É este projeto revolucionário que distingue o diabo sem nome de Machado de Assis. Indo além dos indivíduos, ele planeja agir através de uma igreja. Uma igreja baseada na transformação de vícios em virtudes. Feliz com a descoberta, ele a anuncia a um Criador curiosamente indiferente.
Agora, imagina o capeta, a luta do Mal contra o Bem se equilibrava. Mas logo o demônio descobre que, nas rotinas do pecado, virtudes subversivas insinuavam-se e eram praticadas na sua igreja. É quando constata que ele é também uma vítima da “eterna ingratidão humana" — essa ativação do canhoto na direita tão bem conhecida de Deus. Essa inversão capaz de desmoralizar dualismos, partidos e ideologias.
Diabos tradicionais são exorcizados. Atacam os inferiores estruturais como os pobres e as adolescentes em fase pré-menstrual. Mas uma igreja do diabo é algo absolutamente singular. Nela, o demônio tem doutrina, rituais e eclesiásticos.

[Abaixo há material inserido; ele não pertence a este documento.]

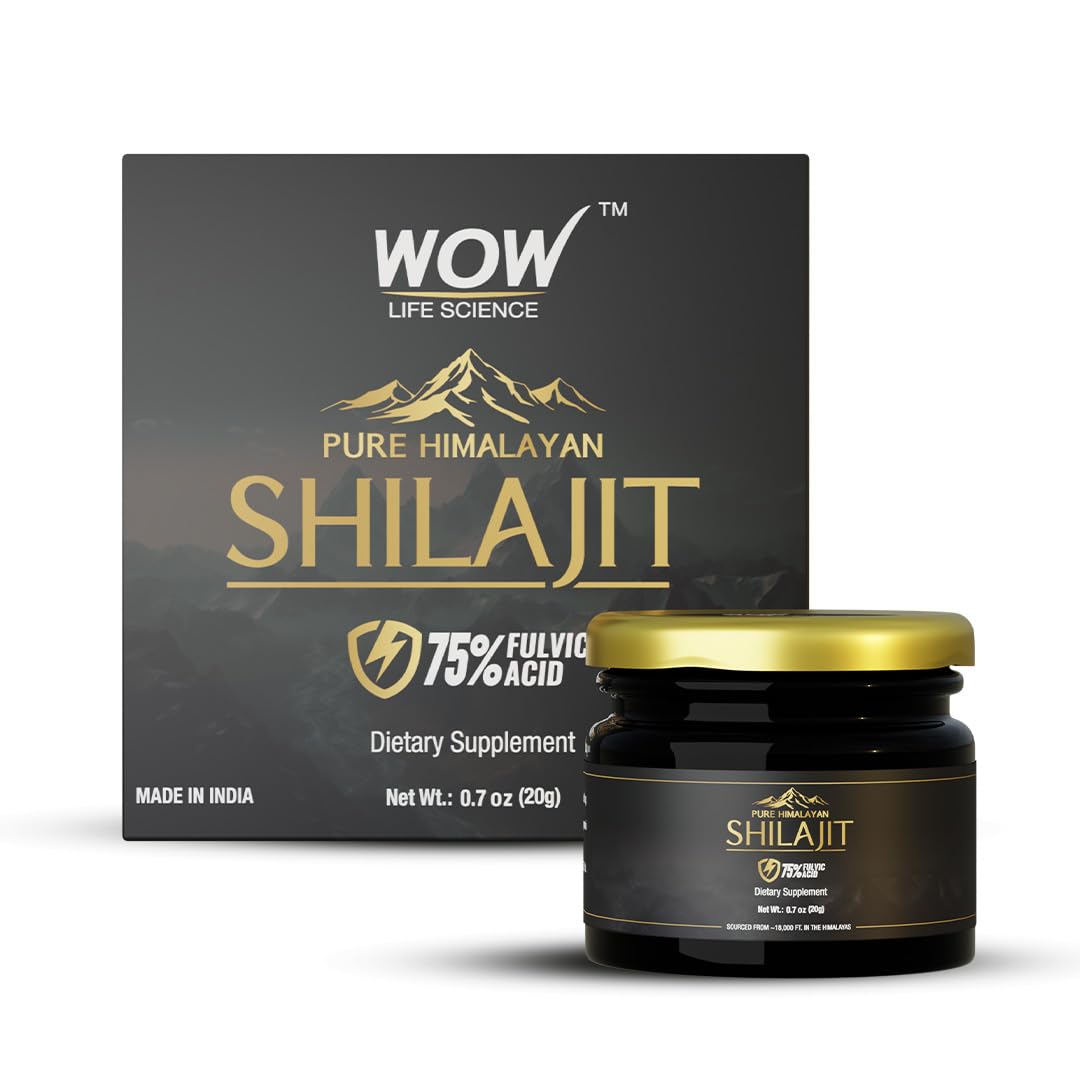 WOW Life Science Pure Himalayan Shilajit/Shilajeet Resin - 20g | Guaranteed 75%+ Fulvic Acid | Sourced from ~18,000 ft | for Stamina, Endurance & Strength | Contains Lab Certificate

Ele — esse é o ponto — tanto quanto nós, acredita que um aparato externo vai resolver. Mas conforme eu tenho remarcado aqui e acolá, instituições precisam de seguidores. De nada vale uma constituição francesa sem franceses para segui-la!
A “eterna ingratidão humana" do diabo machadiano é a descoberta de que não basta uma ideologia. É preciso, como acontece com um idioma, de falantes. Tal como a poesia precisa de cantores e um drama de atores. O mundo, ensina o bruxo do Cosme Velho, jamais vai liquidar o mal valendo-se somente de leis, igrejas e partidos. Pela mesma fórmula, o bem jamais vai deixar de surgir como uma franja do mal. A dualidaade que desequilibra é a mesma que equilibra.
Mas, para enxergar isso, será preciso livrar-se da ilusão segundo a qual basta uma penada ou um ministério. O mundo que é bem mais complicado do que imaginava o nosso diabo.